All of us have heard this from our kids. My parents heard this from me during my childhood. They typically responded with, “Go outside.” Ugh, how could they?! Some parents today kick swiftly into gear at the mention of this phrase. IPads appear, Netflix is switched on, iPhones are handed out- anything to avoid the guilt associated with torturing a child with boredom.
As summer quickly approaches, it’s important to understand that “boredom” is not a curse word, especially relating to our kids. Actually, it can be of great benefit to them if we will just back away and let it happen sometimes.
- Boredom helps them practice for life. Our kids will grow up and stand in line, sit in doctors offices, drive in traffic, and endure tedious work meetings. Hopefully, they are used to managing this by then.
- Boredom builds creativity. Parenting author Nancy Blakey says, “I cannot plant imagination into my children. I can, however, provide an environment where their creativity is not just another mess to clean up, but welcome evidence of grappling successfully with boredom.” Yes!
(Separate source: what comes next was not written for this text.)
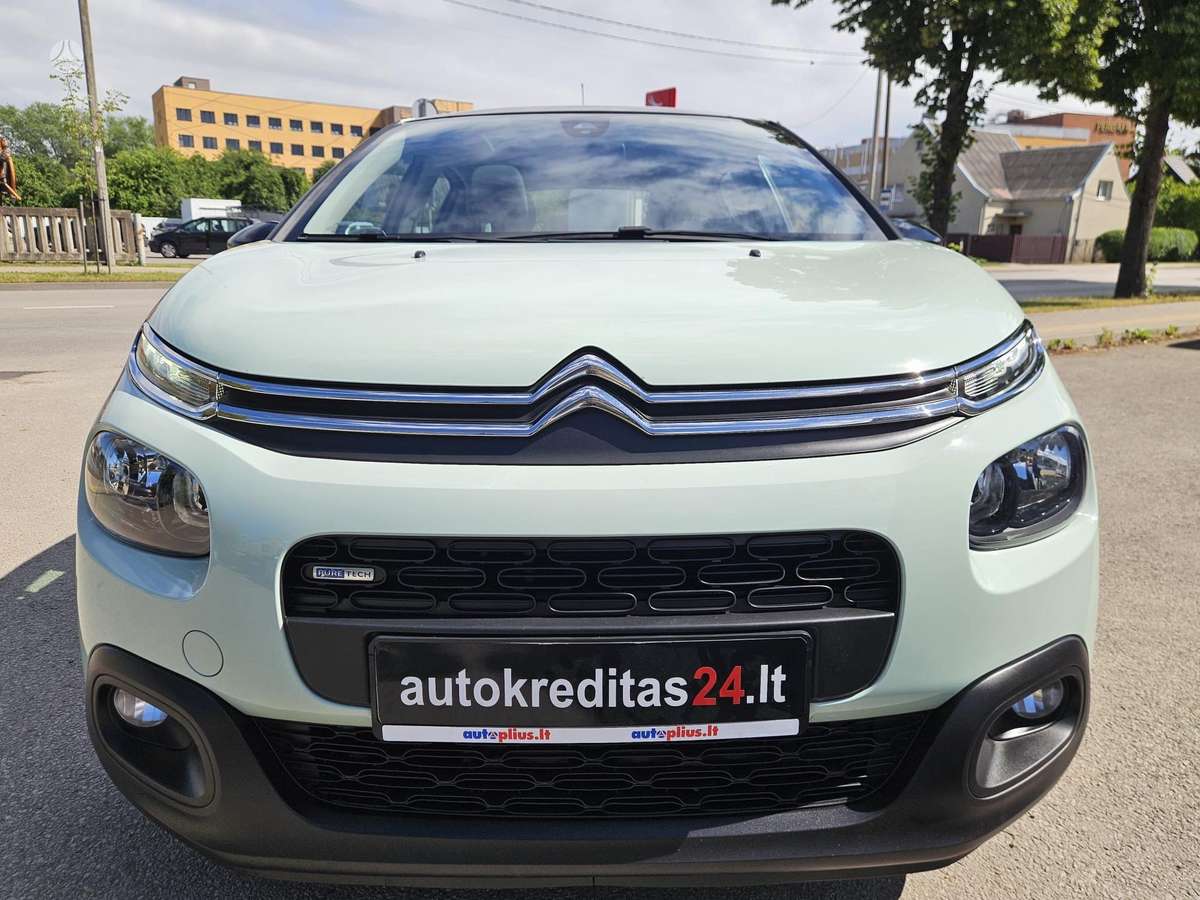 Citroen C3, 1.2 l., hatchback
- Boredom builds motivation. When I’m not setting up everything for my kids, they are forced to self-motivate and think. This too will be another skill that’s useful down the road. As child psychologist, Lyn Fry said, “If parents spend all their time filling up their child’s spare time, then the child’s never going to learn to do this for themselves.”
- Boredom builds contentment. This applies to adults too… we GO too much! Some of us can hardly sit in quiet without wanting to hop up and do something. Contentment is strengthened when we bring calm and peace to our homes, teaching our kids that life is not just a series of activities that we jump one to the next.
- Boredom creates contributors, not consumers. If we allow it, our children will naturally slip into constantly “taking.” That’s how we’re all born! Allowing them to experience a little boredom gives them a chance to build and contribute, rather than simply wait for someone to do that for them.
“Preempt the time spent on television and organized activities and have them spend it instead on claiming their imaginations.” ~ Nancy Blakey
I can hear you asking, does this mean I just sit in a chaise lounge with my lemonade all summer?! Well, part of the time, but we are in this to train future adults, not toss them into the yard and hope for the best. With that in mind, here are a few ways to guide our kids through the boredom:
- FIRST, love on them. Cuddle them, eat breakfast with them, share regular and meaningful conversation with them. Parenting is a balance between making these deposits and building independence in them.
- Get them outside. The outdoors is somehow fertile for a child’s imagination. Things come to life out there that don’t in the house. Let them sweat, get dirty, and create out there… without your help.
- Create a no-screen zone. Give yourself permission to say YES to screens during the summer, but also to say NO sometimes. Screens will provide relief from the immediate boredom issue, but they will not shape creativity or encourage motivation. What they may do (as most parents know) is start an argument of some kind;)
This summer, be reminded and encouraged that you are doing a great job. Even during the “boring” days, there are chances to help our kids grow in character and life-skills. We can guide them to be creative, learn contentment, and gain motivation. This may not be glamorous, but it IS what counts!